To The Wonder – It’s quite moving, for a film with no dialog

As anyone who reads this blog knows, I am not exactly one for “image” films with no dialog. Eric Rohmer is my idea of film artistry – To The Wonder is the exact opposite of Eric Rohmer. Nevertheless, I have to admit I liked this much maligned film. And the final image of the film shocked me so much, I choked up and cried.

I have no idea what Terrence Malick thinks his film is about, but I saw To the Wonder as a very interesting statement on what it actually means to love – not merely platitudes like love is hard work and requires selflessness, but the deeper sense that each person’s life presents them with their opportunity to love, an opportunity which may or may not fit the neurotic delusions of their restless mind, and an opportunity they must accept if they are to be whole. This message is layered on a little heavy through the Javier Bardem character of the priest, but I don’t really see it as an exclusively Christian idea.
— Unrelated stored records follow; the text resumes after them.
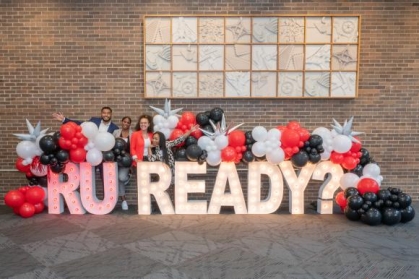 people posing for a photograph in front of balloons and a sign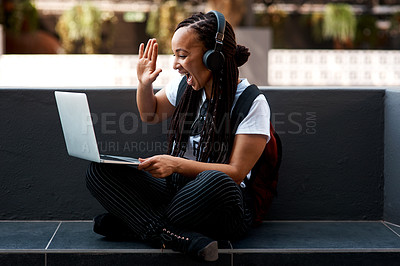 Buy stock photo Shot of an attractive young woman using her laptop to make a video call outdoors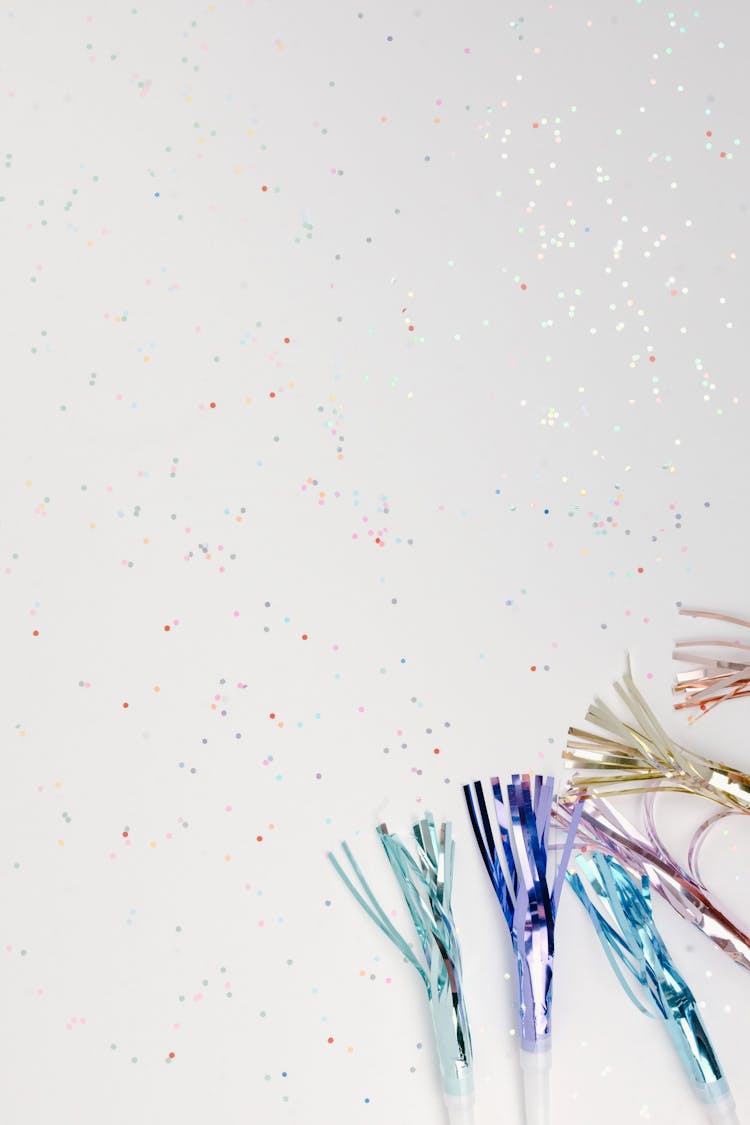 Colorful Tassels And Confetti On White Surface
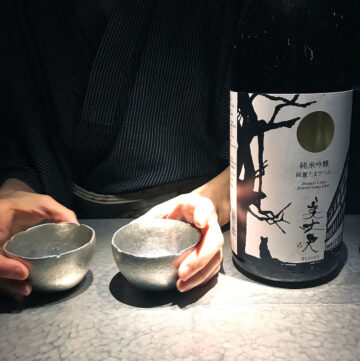 Sake Bar O Tokyo - sake cups being presented by the bar tender next to a bottle of sake
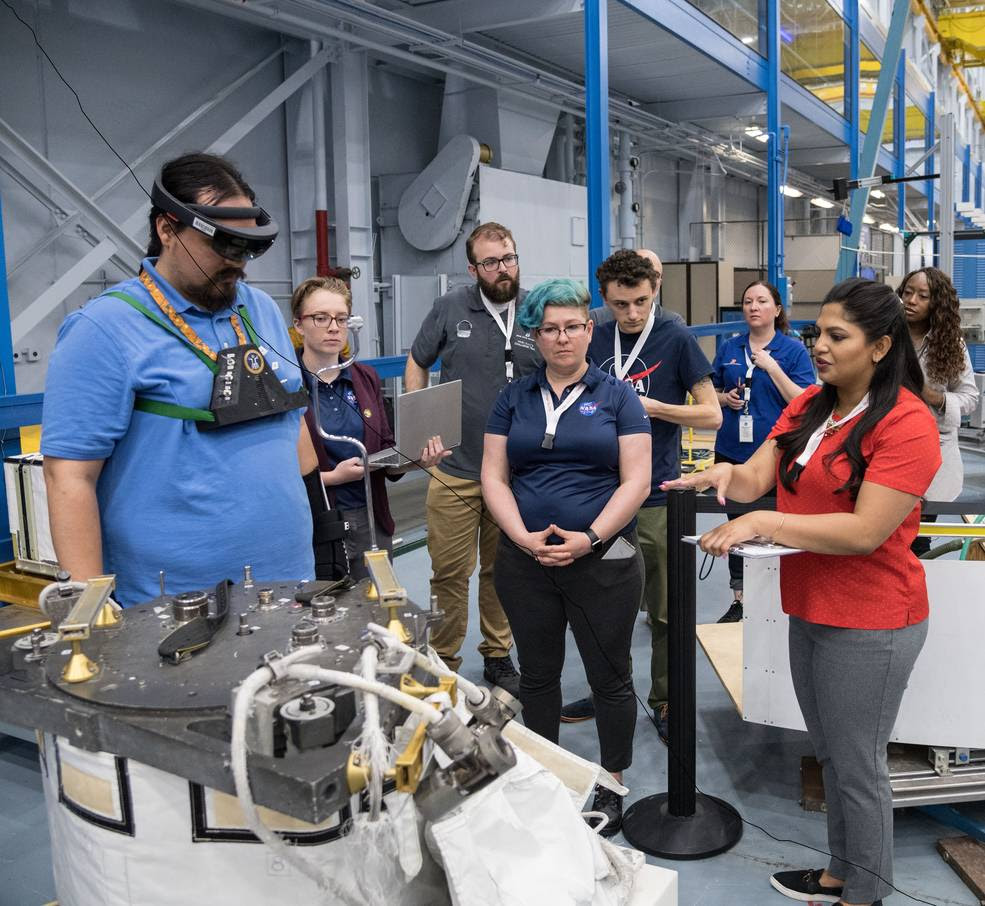 NASA engineers conducting a design evaluation with user interface heads up display software designed by participants of the NASA SUITS challenge.<br />Credits: NASA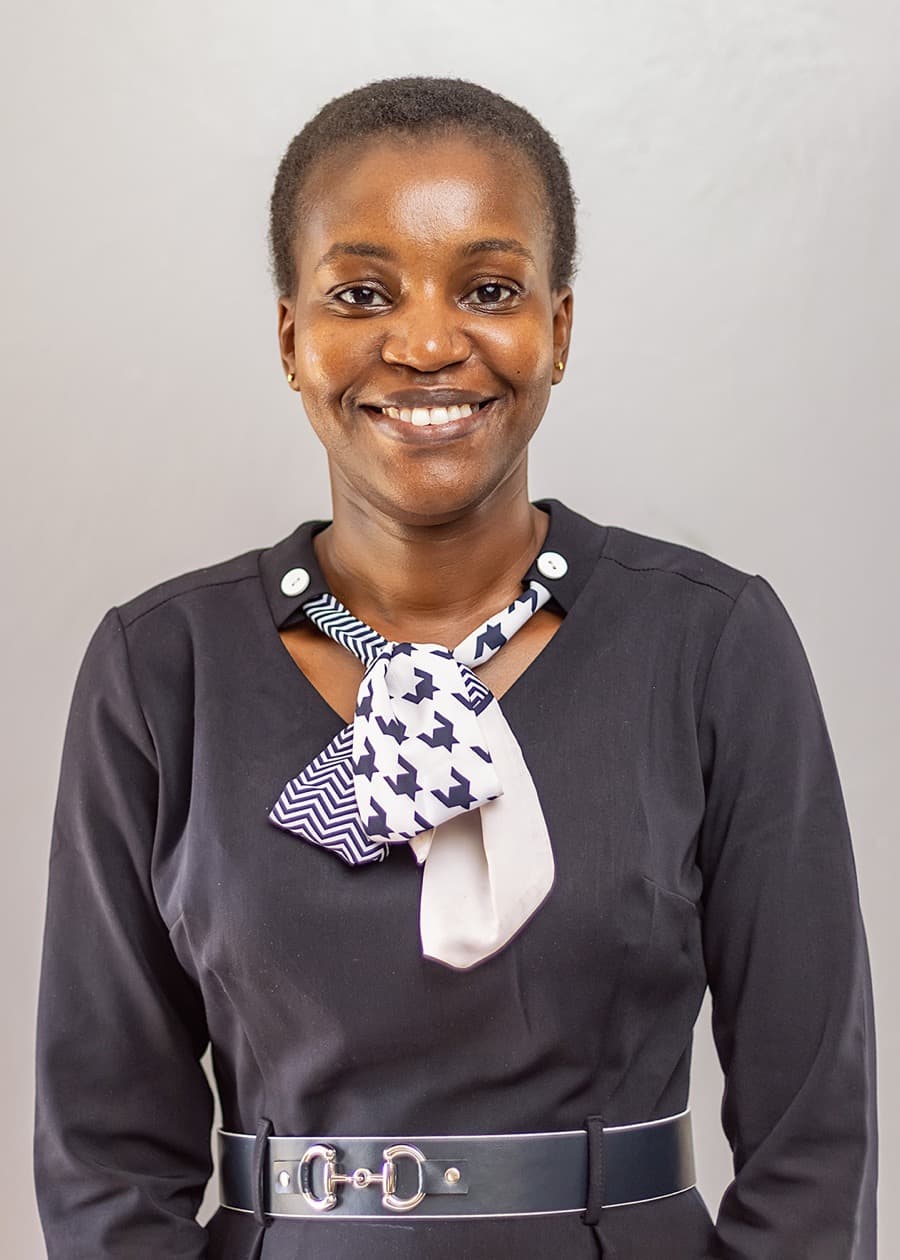 Studio portrait of Priscah Mongera, smiling, in a navy dress with a patterned neck scarf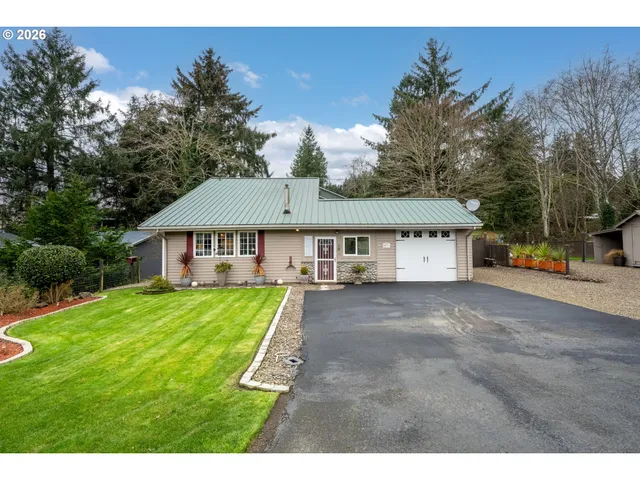 a view of a yard in front of a house with large tree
People’s opportunity to love is basically found in whatever is immediately surrounding them, opportunities that are seldom acted on for a wide variety of reasons.

The two leads – the impossibly beautiful Olga Kurylenko and ruggedly handsome, salt-of-the-earth man’s-man Ben Affleck – represent each other’s neurotic delusion, not so much literally (although there is that) as figuratively and allegorically. They each have someone right in front of them in their lives who was their chance to love. For Affleck, it’s mundane childhood sweetheart Rachel McAdams, a absolutely perfect piece of visual casting as a poor man’s Olga Kurylenko. For Kurylenko, it’s her young daughter from a prior marriage that she is ashamed of. Both are tossed aside rather sadly, as the two eventually and tragically return to chasing their respective delusions.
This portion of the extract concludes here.